Materials provided:

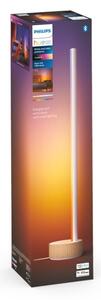 Philips - LED RGBW Stmívatelná stolní lampa Hue SIGNE LED/11,8W/230V 2000-6500K
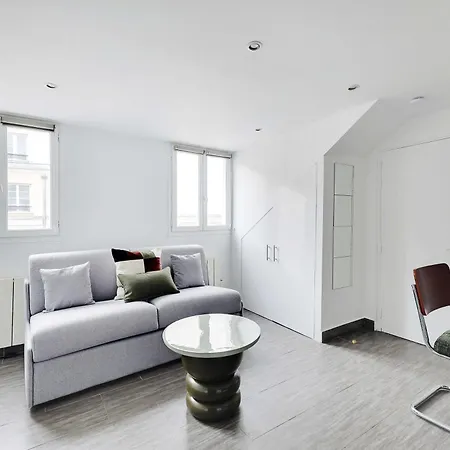 Cozy A C 2p - Sentier Paris
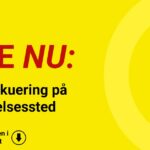 Stor evakuering på uddannelsessted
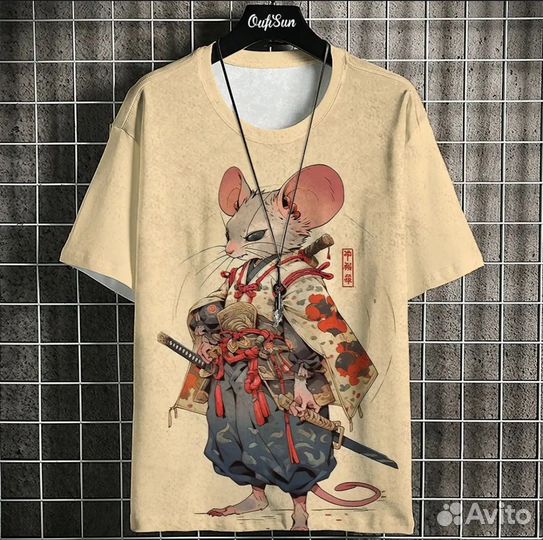 Футболка L-XL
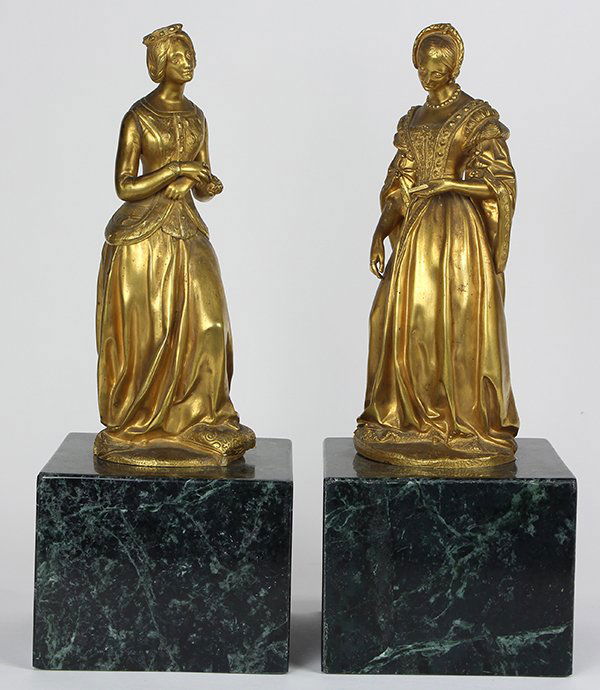 Sculpture, Attributed to Ferdinand Lugerth (1 of 8)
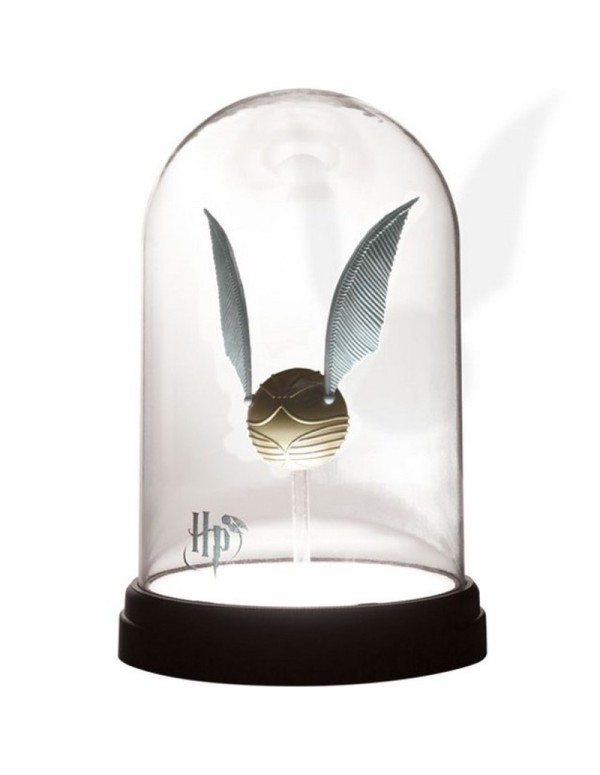 Harry Potter Golden Snitch Lamp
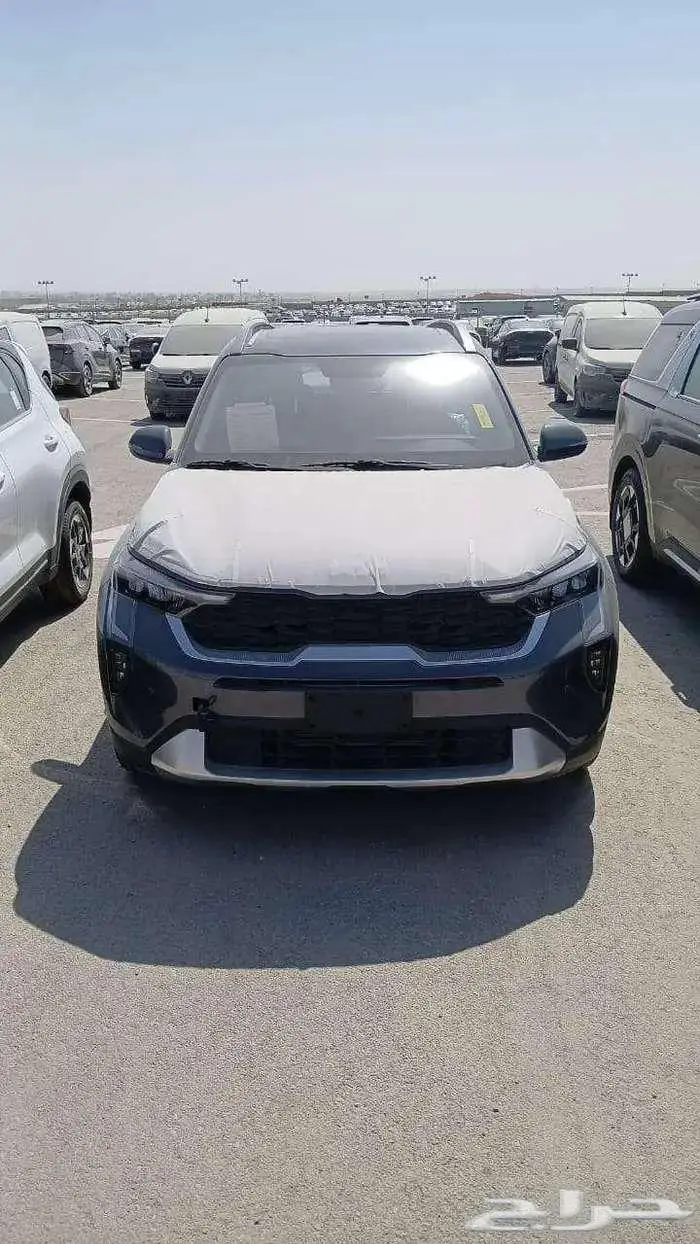 كيا سونيت استندر 2026 عروض اقل سعر حريق اسعار 0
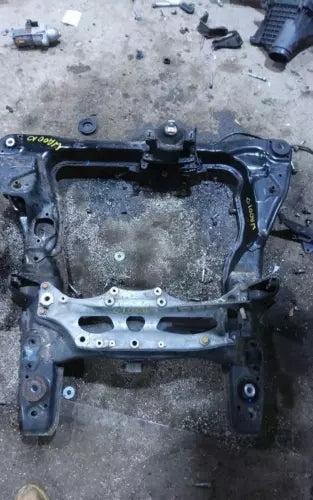 2010-2015 Honda Crosstour Accord Rear FWD Engine Cradle Suspension Crossmember - Used OEM Auto Part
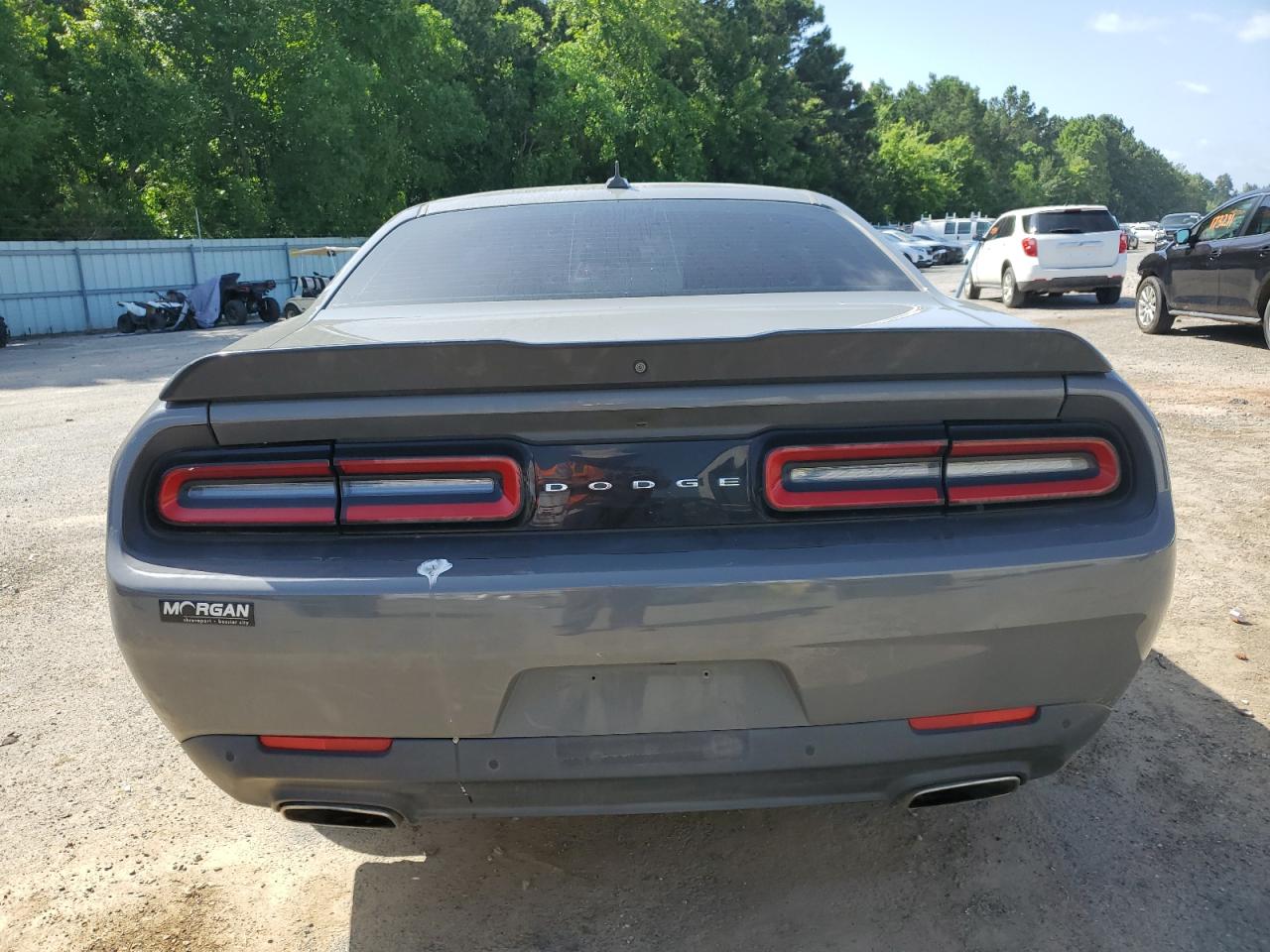 2017 Dodge Challenger Sxt VIN: 2C3CDZAG0HH637922 Lot: 60135175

Exercise: Output the full listing verbatim, but drop the images.

Response area:
 Philips - LED RGBW Stmívatelná stolní lampa Hue SIGNE LED/11,8W/230V 2000-6500K
 Cozy A C 2p - Sentier Paris
 Stor evakuering på uddannelsessted
 Футболка L-XL
 Sculpture, Attributed to Ferdinand Lugerth (1 of 8)
 Harry Potter Golden Snitch Lamp
 كيا سونيت استندر 2026 عروض اقل سعر حريق اسعار 0
 2010-2015 Honda Crosstour Accord Rear FWD Engine Cradle Suspension Crossmember - Used OEM Auto Part
 2017 Dodge Challenger Sxt VIN: 2C3CDZAG0HH637922 Lot: 60135175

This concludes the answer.